How do I determine the expected duration of the walk until absorption at either boundary?

Question

Consider a random walk $S_n=S_0+\sum^b_{i=1}X_i$ with i.i.d steps $X_i$ taking value $4$ and $-7$ with probabilities $\frac{7}{11}$ and $\frac{4}{11}$ respectively.

I would like to find a constant $\gamma$ such that $Y_n=S^2_n-\gamma n$ is a martingale, and hence to determine the expected duration of the walk until absorption at either boundary.

My attempt:

To impose the martingale condition on $Y_n$, one has to evaluate $$E[Y_{n+1}|\mathcal{F}_{n}]=E[(S_n+X_{n+1})^2-\gamma(n+1)|\mathcal{F}_n]=S^2_n+E[X^2]-\gamma(n+1)\Leftrightarrow \\E[X^2]-\gamma=0$$

We have that $$E[X^2]=16\left(\frac{7}{11}\right)+49\left(\frac{4}{11}\right)=10.18+17.81\approx28$$

So, $\gamma=28$

Is this correct?

How do I determine the expected duration of the walk until absorption at either boundary?

Answer 1

As mentioned in comments, your method for computing $\gamma$ is correct, but there is little hope of getting an exact value for $E[T]$ due to overshoot issues. The idea is to get bounds.

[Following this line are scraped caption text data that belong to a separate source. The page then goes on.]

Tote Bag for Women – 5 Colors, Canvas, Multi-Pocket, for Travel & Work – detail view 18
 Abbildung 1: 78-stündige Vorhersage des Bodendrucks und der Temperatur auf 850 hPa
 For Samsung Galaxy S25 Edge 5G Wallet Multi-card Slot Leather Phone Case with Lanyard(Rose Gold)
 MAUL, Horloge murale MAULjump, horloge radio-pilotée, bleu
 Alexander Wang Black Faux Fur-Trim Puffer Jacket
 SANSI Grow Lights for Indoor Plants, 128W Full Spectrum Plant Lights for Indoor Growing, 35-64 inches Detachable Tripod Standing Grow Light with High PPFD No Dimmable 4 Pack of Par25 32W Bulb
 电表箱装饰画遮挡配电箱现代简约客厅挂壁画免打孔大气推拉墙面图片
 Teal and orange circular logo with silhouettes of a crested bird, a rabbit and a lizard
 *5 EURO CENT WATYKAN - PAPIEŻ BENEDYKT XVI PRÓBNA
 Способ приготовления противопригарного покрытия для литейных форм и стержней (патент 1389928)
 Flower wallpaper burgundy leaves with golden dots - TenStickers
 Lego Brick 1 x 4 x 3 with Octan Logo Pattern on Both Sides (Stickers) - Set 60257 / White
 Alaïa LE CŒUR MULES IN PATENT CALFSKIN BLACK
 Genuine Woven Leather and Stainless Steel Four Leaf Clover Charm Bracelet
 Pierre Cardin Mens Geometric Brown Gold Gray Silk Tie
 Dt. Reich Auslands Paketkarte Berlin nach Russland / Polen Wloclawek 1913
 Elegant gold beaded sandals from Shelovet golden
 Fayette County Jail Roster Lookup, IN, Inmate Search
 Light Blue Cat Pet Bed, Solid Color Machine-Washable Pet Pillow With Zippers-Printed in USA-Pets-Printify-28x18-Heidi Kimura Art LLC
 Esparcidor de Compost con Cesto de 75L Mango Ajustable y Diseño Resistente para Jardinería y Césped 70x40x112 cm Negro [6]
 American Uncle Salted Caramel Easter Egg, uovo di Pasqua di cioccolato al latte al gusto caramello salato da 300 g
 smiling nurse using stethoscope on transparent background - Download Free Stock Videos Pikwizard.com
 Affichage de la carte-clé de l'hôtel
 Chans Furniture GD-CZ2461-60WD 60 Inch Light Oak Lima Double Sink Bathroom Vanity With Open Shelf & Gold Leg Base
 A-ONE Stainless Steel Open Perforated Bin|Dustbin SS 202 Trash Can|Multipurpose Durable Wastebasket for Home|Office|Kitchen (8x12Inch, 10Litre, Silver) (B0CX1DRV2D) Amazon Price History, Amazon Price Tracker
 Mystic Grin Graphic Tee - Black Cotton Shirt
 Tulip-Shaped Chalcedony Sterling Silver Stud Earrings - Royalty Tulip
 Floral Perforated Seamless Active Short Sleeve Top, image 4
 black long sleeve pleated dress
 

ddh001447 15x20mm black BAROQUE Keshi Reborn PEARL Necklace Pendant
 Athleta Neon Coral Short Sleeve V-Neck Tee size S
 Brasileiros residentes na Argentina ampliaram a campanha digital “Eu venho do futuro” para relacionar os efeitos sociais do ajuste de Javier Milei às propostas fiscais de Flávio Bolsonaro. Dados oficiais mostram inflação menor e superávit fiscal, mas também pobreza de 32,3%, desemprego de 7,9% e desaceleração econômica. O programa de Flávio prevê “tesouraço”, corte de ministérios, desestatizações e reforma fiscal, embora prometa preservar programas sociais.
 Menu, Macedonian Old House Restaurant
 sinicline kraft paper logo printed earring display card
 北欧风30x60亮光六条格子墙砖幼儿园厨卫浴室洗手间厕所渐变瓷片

You have $Y_0=E[Y_T]= E[S_T^2] - \gamma E[T]$. Assuming $Y_0$ and $\gamma$ are known, you just need upper and lower bounds on $E[S_T^2]$, which are relatively easy to get in terms of the probability $p$ of first crossing the right threshold. You can get upper and lower bounds on $p$ from your previous question (which used $S_0=E[S_T]$). That question is here: Probability the walk terminates

Answer 2

You could alternatively define $z_k$ as the expected time to cross one of the boundaries, given you start at location $k \in \mathbb{Z}$, and then use linear recurrence: $$ z_k = 1 + (7/11)z_{k+4} + (4/11)z_{k-7}$$ with appropriate boundary conditions $z_k=0$ for $k$ values that are beyond the boundaries. This has particular solution $$z_k=(-1/28)k^2$$ https://www.wolframalpha.com/input/?i=%28-1%2F28%29k%5E2+%3D+1+%2B+%28-1%2F28%29%28%287%2F11%29%28k%2B4%29%5E2+%2B+%284%2F11%29%28k-7%29%5E2%29

and homogeneous solutions $h_k = Ax^k$ for any root of $$ x^7 = (7/11)x^{11} + (4/11)$$ which seems to have $x=1$ as a double root, another real-valued root $x \approx -1.15503$, and 8 complex-valued roots, but it seems intractable to find exact expressions for all roots. https://www.wolframalpha.com/input/?i=factor%28x%5E7+-+%287%2F11%29x%5E11+-+%284%2F11%29%29

The homogeneous solutions are $$ h_k=A_1 + A_2k + \sum_{i=3}^{11}A_i x_i^k$$ for any $A_1, ..., A_{11}$, where $x_i$ are the remaining roots (not equal to 1) of the homogeneous equation, then choose $A_1, ..., A_{11}$ to match boundary conditions for $$\boxed{z_k = (-1/28)k^2 + A_1 + A_2k + \sum_{i=3}^{11}A_i x_i^k}$$ with $z_k=0$ at the 11 boundary conditions. This gives a system of 11 equations and 11 unknowns $A_1, ..., A_{11}$. Of course it assumes you have accurate values for all roots $x_3, ..., x_{11}$.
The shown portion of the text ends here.